Since the records include pictures, leave those out while you reproduce exactly and only the lines from the one containing "新興国株投資の未来展望：アメリカ株専門家の予測と投資戦略" through the one containing "Nissan Juke 1.0 DIG-T N-Connecta DCT - 4", inclusive.
━━━ Material for the task ━━━
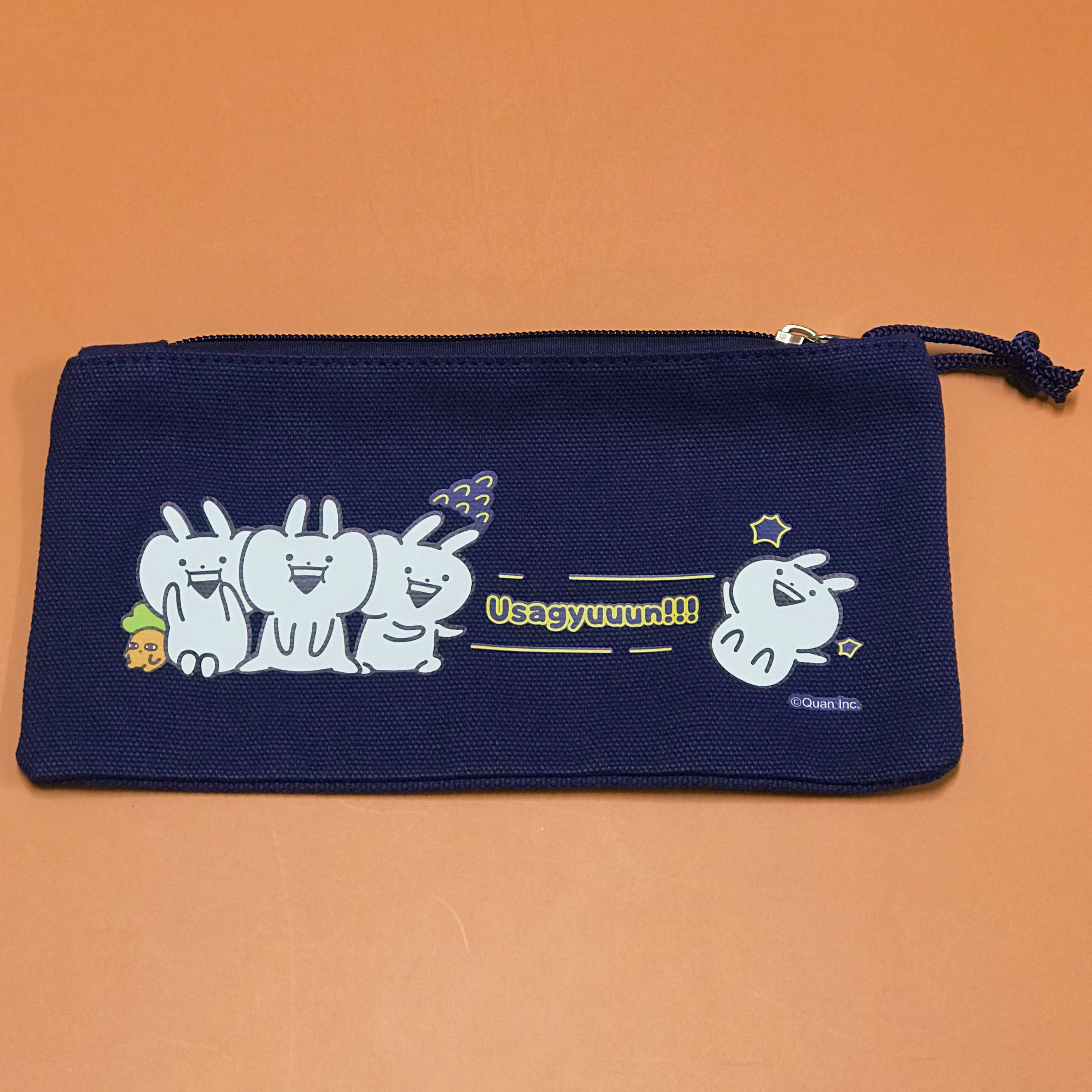 Usagyuuun-筆袋-咻起來款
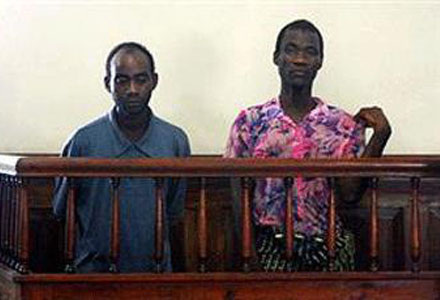 Malawi'de Tutuklanan Eşcinsel Çift Serbest Bırakıldı Kaos GL - LGBTİ+ Haber Portalı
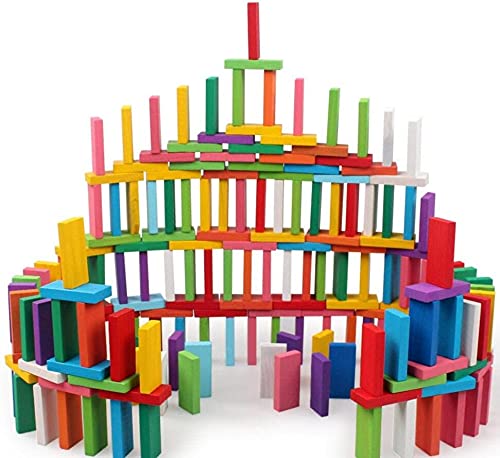 Color Domino 100 pcs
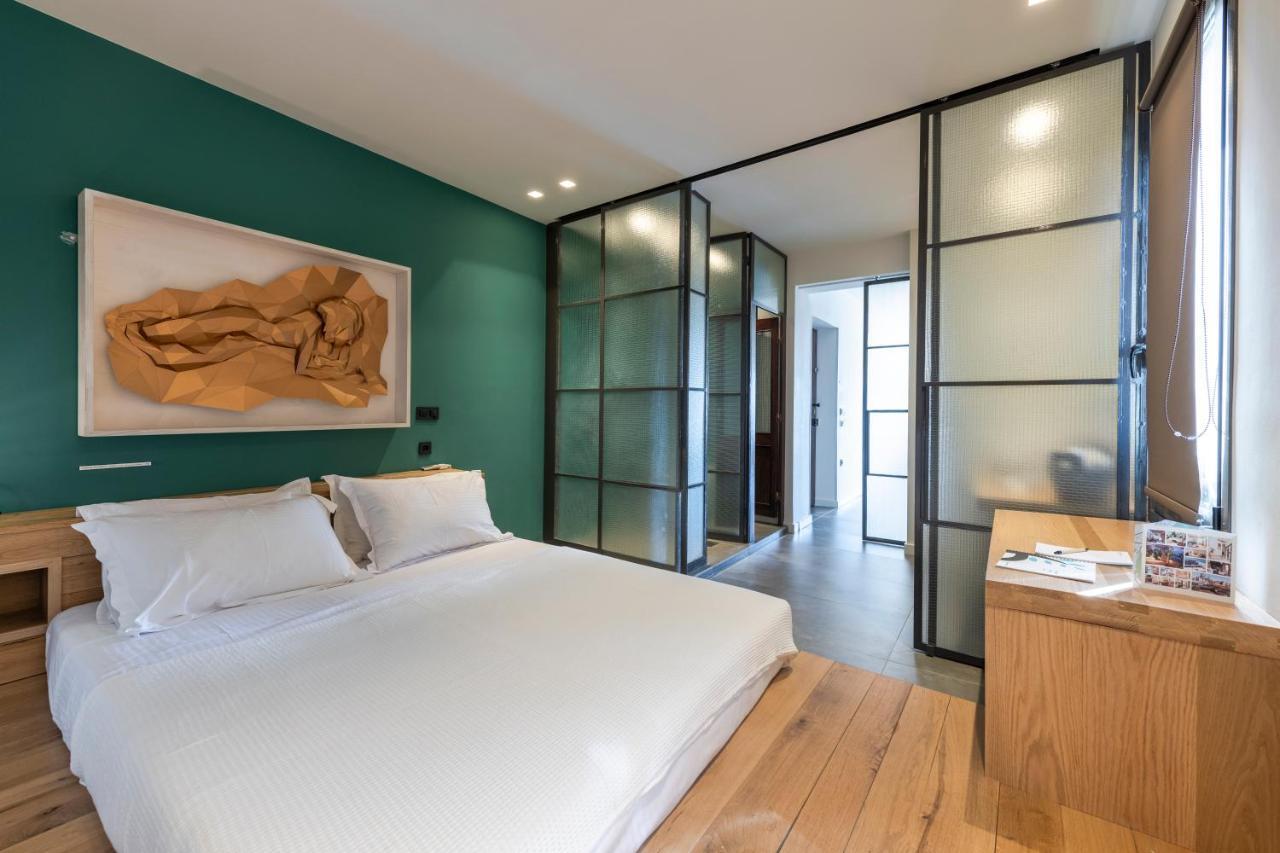 Hidesign Athens Acropolis Panorama Suite Eksteriør bilde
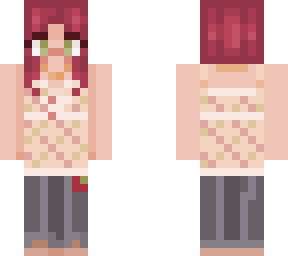 strawberry girl :)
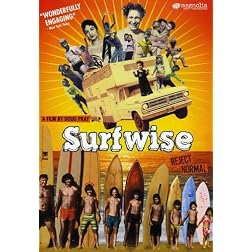 Surfwise: The Amazing True Odyssey of the Paskowitz Family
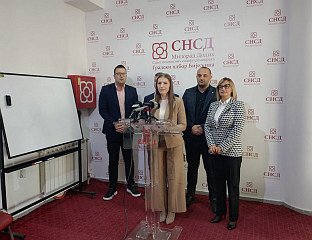 АРСЕНОВИЋ: ГРАДОНАЧЕЛНИК ПРИЈЕТИ И ЗАСТРАШУЈЕ ОДБОРНИКЕ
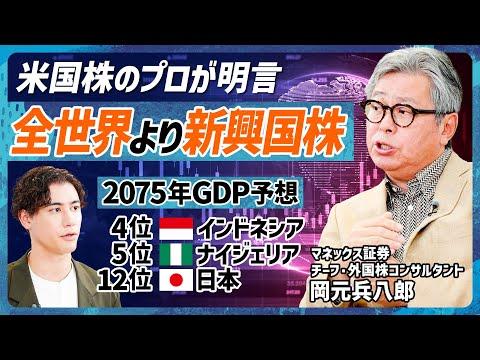 新興国株投資の未来展望：アメリカ株専門家の予測と投資戦略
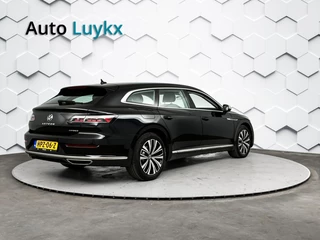 Volkswagen Arteon Volkswagen Arteon Shooting Brake 1.4 TSI e-Hybrid Elegance Business + | Virtual Cockpit | Elektrische Achterklep | Elektrische Stoelen - afbeelding nr 9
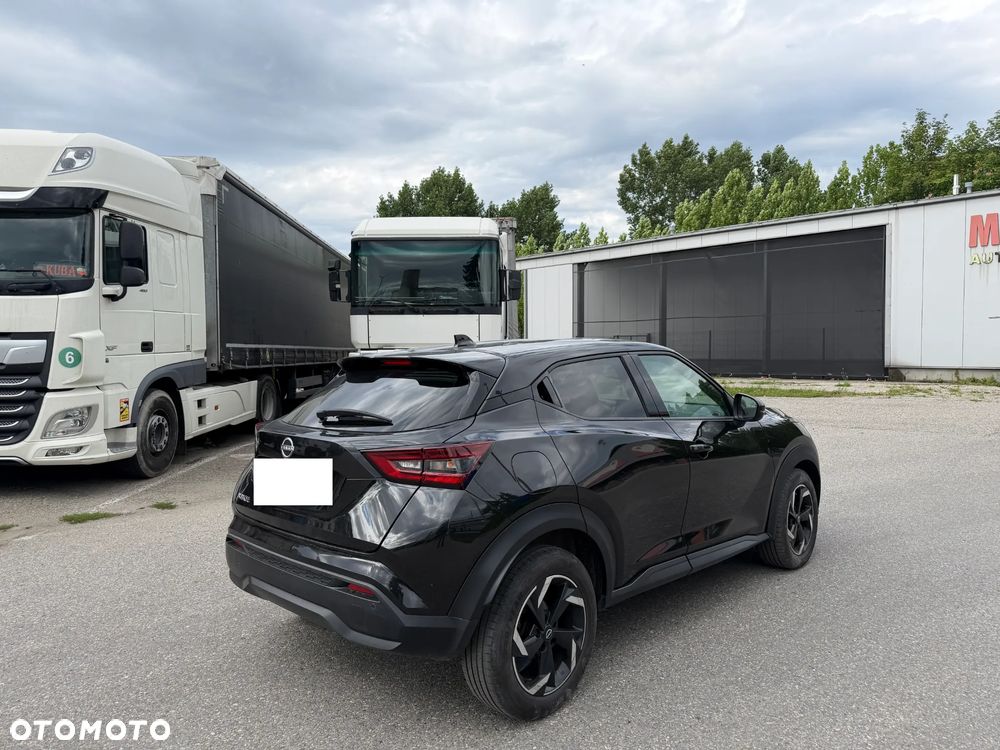 Nissan Juke 1.0 DIG-T N-Connecta DCT - 4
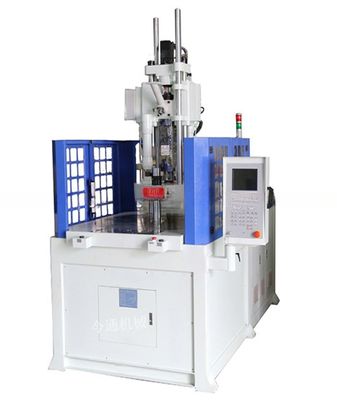 Пластиковая зубная щетка Сплавляющая машина вертикальная JTT-550 2V3R с 180MM открывающим ударом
━━━
→ **Solution to the problem**
 新興国株投資の未来展望：アメリカ株専門家の予測と投資戦略
 Volkswagen Arteon Volkswagen Arteon Shooting Brake 1.4 TSI e-Hybrid Elegance Business + | Virtual Cockpit | Elektrische Achterklep | Elektrische Stoelen - afbeelding nr 9
 Nissan Juke 1.0 DIG-T N-Connecta DCT - 4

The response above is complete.